_EXERCISE REQUIREMENTS:_
The records that follow are to be transcribed exactly.

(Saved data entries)
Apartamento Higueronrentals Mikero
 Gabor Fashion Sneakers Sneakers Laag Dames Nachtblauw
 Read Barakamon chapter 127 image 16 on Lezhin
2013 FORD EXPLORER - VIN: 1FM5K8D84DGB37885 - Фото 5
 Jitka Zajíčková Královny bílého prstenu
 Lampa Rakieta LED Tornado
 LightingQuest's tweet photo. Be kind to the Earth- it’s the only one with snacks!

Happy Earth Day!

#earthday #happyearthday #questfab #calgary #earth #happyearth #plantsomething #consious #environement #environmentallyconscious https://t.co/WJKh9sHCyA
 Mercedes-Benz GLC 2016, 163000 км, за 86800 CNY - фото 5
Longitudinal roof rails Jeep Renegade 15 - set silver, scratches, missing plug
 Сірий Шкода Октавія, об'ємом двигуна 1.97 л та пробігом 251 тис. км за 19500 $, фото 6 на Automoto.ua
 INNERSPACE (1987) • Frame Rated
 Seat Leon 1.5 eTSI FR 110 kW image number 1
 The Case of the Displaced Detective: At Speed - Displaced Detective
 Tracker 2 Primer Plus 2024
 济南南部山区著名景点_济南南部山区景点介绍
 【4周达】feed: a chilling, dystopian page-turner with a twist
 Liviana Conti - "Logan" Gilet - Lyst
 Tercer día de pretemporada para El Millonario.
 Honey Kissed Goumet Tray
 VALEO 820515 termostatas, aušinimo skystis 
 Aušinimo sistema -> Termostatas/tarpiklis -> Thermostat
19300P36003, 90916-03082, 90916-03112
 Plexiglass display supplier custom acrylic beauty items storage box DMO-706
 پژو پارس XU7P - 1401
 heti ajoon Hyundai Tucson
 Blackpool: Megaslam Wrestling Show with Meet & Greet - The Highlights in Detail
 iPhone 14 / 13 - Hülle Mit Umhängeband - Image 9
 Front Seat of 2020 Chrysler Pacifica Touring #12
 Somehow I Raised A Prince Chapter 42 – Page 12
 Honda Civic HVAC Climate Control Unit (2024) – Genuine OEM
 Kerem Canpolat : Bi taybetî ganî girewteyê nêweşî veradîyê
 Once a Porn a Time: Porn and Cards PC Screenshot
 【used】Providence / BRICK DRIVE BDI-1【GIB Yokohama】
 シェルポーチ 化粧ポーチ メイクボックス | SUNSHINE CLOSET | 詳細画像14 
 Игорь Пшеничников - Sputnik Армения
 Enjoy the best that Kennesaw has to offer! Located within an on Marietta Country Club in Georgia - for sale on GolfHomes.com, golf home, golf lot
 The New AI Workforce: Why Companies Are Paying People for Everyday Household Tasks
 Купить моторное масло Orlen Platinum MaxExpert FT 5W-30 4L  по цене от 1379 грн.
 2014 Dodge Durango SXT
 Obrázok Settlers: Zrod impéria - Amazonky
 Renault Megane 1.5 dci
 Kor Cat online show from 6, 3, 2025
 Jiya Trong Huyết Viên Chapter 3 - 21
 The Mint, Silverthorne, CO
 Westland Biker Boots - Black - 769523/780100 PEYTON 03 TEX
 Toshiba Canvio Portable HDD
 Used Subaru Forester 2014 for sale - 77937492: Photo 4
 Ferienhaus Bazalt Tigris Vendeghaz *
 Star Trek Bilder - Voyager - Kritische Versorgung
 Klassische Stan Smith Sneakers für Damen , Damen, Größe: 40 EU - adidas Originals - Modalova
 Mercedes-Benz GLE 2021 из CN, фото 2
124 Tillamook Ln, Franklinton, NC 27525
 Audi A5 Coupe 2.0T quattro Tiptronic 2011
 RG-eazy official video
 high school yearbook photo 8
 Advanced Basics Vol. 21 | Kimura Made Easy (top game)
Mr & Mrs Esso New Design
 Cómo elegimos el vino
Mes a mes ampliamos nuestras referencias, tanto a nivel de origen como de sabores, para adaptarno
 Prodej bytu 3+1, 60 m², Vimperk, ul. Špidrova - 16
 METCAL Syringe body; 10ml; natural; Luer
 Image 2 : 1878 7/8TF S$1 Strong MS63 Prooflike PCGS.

_TASK SOLUTION:_
Apartamento Higueronrentals Mikero
 Gabor Fashion Sneakers Sneakers Laag Dames Nachtblauw
 Read Barakamon chapter 127 image 16 on Lezhin
2013 FORD EXPLORER - VIN: 1FM5K8D84DGB37885 - Фото 5
 Jitka Zajíčková Královny bílého prstenu
 Lampa Rakieta LED Tornado
 LightingQuest's tweet photo. Be kind to the Earth- it’s the only one with snacks!

Happy Earth Day!

#earthday #happyearthday #questfab #calgary #earth #happyearth #plantsomething #consious #environement #environmentallyconscious https://t.co/WJKh9sHCyA
 Mercedes-Benz GLC 2016, 163000 км, за 86800 CNY - фото 5
Longitudinal roof rails Jeep Renegade 15 - set silver, scratches, missing plug
 Сірий Шкода Октавія, об'ємом двигуна 1.97 л та пробігом 251 тис. км за 19500 $, фото 6 на Automoto.ua
 INNERSPACE (1987) • Frame Rated
 Seat Leon 1.5 eTSI FR 110 kW image number 1
 The Case of the Displaced Detective: At Speed - Displaced Detective
 Tracker 2 Primer Plus 2024
 济南南部山区著名景点_济南南部山区景点介绍
 【4周达】feed: a chilling, dystopian page-turner with a twist
 Liviana Conti - "Logan" Gilet - Lyst
 Tercer día de pretemporada para El Millonario.
 Honey Kissed Goumet Tray
 VALEO 820515 termostatas, aušinimo skystis 
 Aušinimo sistema -> Termostatas/tarpiklis -> Thermostat
19300P36003, 90916-03082, 90916-03112
 Plexiglass display supplier custom acrylic beauty items storage box DMO-706
 پژو پارس XU7P - 1401
 heti ajoon Hyundai Tucson
 Blackpool: Megaslam Wrestling Show with Meet & Greet - The Highlights in Detail
 iPhone 14 / 13 - Hülle Mit Umhängeband - Image 9
 Front Seat of 2020 Chrysler Pacifica Touring #12
 Somehow I Raised A Prince Chapter 42 – Page 12
 Honda Civic HVAC Climate Control Unit (2024) – Genuine OEM
 Kerem Canpolat : Bi taybetî ganî girewteyê nêweşî veradîyê
 Once a Porn a Time: Porn and Cards PC Screenshot
 【used】Providence / BRICK DRIVE BDI-1【GIB Yokohama】
 シェルポーチ 化粧ポーチ メイクボックス | SUNSHINE CLOSET | 詳細画像14 
 Игорь Пшеничников - Sputnik Армения
 Enjoy the best that Kennesaw has to offer! Located within an on Marietta Country Club in Georgia - for sale on GolfHomes.com, golf home, golf lot
 The New AI Workforce: Why Companies Are Paying People for Everyday Household Tasks
 Купить моторное масло Orlen Platinum MaxExpert FT 5W-30 4L  по цене от 1379 грн.
 2014 Dodge Durango SXT
 Obrázok Settlers: Zrod impéria - Amazonky
 Renault Megane 1.5 dci
 Kor Cat online show from 6, 3, 2025
 Jiya Trong Huyết Viên Chapter 3 - 21
 The Mint, Silverthorne, CO
 Westland Biker Boots - Black - 769523/780100 PEYTON 03 TEX
 Toshiba Canvio Portable HDD
 Used Subaru Forester 2014 for sale - 77937492: Photo 4
 Ferienhaus Bazalt Tigris Vendeghaz *
 Star Trek Bilder - Voyager - Kritische Versorgung
 Klassische Stan Smith Sneakers für Damen , Damen, Größe: 40 EU - adidas Originals - Modalova
 Mercedes-Benz GLE 2021 из CN, фото 2
124 Tillamook Ln, Franklinton, NC 27525
 Audi A5 Coupe 2.0T quattro Tiptronic 2011
 RG-eazy official video
 high school yearbook photo 8
 Advanced Basics Vol. 21 | Kimura Made Easy (top game)
Mr & Mrs Esso New Design
 Cómo elegimos el vino
Mes a mes ampliamos nuestras referencias, tanto a nivel de origen como de sabores, para adaptarno
 Prodej bytu 3+1, 60 m², Vimperk, ul. Špidrova - 16
 METCAL Syringe body; 10ml; natural; Luer
 Image 2 : 1878 7/8TF S$1 Strong MS63 Prooflike PCGS.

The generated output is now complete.